Arvind Kejriwal's AAP had announced candidates for six of Delhi's seven Lok Sabha seats earlier this month, saying the Congress was not interested in an alliance. But the party was open to negotiations and had several seat sharing formulas ready, sources said. One of these involved two of Delhi's seven seats for the Congress, which was holding out for three seats. Mr Kejriwal's party was ready to offer more if they got seats in Haryana and Punjab.

But Ms Dikshit said the state Congress had "unanimously" turned down the idea of an alliance with Arvind Kejriwal's party. "It is final that there will be no alliance with AAP. Mr Gandhi has accepted the decision. The Congress will go it alone in all seven seats in Delhi and win," Ms Dikshit told NDTV.

A senior Congress leader told NDTV that Ms Dikshit, whose three-term government was swept out by AAP's march to power, had strongly opposed the alliance.

"She said in the last election in Delhi, both AAP and the Congress fared pretty much same and now Congress votebank is growing in Delhi while AAP is on a decline. At this rate, the Congress will grow bigger than AAP and can perform much better in the coming elections," he added.

AAP said for the Congress, the party is bigger than the nation. "As in Punjab, the BJP helped the Congress in defeating the AAP, the Congress is doing the same in Delhi," party leader Gopal Rai said at a press conference.

Mr Kejriwal tweeted:

Rahul Gandhi's meeting with the state leaders today came after a nudge from senior opposition leaders including Mamata Banerjee, who are trying to plug the holes in the united front against the BJP in the coming national elections.

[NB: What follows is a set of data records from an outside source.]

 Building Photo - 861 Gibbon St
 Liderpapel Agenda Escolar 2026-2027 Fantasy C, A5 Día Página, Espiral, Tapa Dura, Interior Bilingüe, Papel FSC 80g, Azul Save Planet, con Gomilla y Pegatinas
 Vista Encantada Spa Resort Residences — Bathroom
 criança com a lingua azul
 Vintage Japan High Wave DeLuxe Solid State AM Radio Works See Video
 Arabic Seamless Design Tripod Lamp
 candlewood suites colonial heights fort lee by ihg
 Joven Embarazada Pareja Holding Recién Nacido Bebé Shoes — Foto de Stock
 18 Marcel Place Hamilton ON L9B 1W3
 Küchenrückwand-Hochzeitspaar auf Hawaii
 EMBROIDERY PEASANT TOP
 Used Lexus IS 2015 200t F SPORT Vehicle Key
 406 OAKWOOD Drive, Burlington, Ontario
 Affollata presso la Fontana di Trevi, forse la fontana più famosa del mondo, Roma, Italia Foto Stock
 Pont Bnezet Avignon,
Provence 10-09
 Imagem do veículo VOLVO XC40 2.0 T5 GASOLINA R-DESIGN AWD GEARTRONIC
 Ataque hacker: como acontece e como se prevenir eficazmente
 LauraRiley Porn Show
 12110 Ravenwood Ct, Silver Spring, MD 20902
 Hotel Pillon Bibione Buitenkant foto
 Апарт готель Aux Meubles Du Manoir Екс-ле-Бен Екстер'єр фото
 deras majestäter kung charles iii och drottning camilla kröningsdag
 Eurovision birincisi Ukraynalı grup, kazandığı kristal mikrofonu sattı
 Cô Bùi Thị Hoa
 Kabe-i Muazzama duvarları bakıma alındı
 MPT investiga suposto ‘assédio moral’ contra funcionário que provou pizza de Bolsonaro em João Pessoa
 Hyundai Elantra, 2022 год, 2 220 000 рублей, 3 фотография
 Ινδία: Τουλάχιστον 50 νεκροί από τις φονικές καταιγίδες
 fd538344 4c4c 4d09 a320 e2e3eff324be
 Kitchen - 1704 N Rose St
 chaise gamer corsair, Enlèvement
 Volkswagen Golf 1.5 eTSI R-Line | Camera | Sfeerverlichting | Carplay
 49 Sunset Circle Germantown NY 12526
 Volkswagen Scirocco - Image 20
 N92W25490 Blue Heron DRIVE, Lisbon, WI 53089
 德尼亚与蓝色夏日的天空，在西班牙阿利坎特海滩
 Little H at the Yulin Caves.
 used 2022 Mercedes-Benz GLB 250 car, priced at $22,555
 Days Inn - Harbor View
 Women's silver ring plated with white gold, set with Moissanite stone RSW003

The need for a rethink in overall opposition strategy was felt after the terror attack in Jammu and Kashmir's Pulwama and the subsequent air strikes at Pakistan's Balakot, which has led to a huge nationalistic fervour. The BJP is reworking its strategy too, building a fresh campaign around nationalism and national security.

Last month, at a mega meeting of the opposition, both AAP and the Congress were asked again to put behind their differences and stitch up an alliance in Delhi. But Rahul Gandhi had signalled reluctance, saying his party was willing to go it alone.

Days later, Mr Kejriwal said the Congress has "refused to go for an alliance" and he was "fed up" with repeatedly requesting a tie-up. Days later, on March 2, AAP announced its candidates for Delhi.

In the 2014 national elections, the BJP won all seven seats of Delhi. But in the subsequent assembly elections, AAP found tremendous support. In the 2015 assembly elections, AAP won 67 of Delhi's 70 seats, while the Congress, which had ruled Delhi for three terms, drew a blank.

The Congress-AAP dynamics had been skewed from the beginning, with Mr Kejriwal's party being an offshoot of the anti-corruption movement of Anna Hazare that had targeted the Congress government in Delhi led by Sheila Dikshit. Still, the two parties had entered a partnership in 2013, which ended with Mr Kejriwal's 49-day tenure as Chief Minister.

The parties, which have been at loggerheads since, had to re-calibrate their stance for the national stage after persuasion from opposition leaders.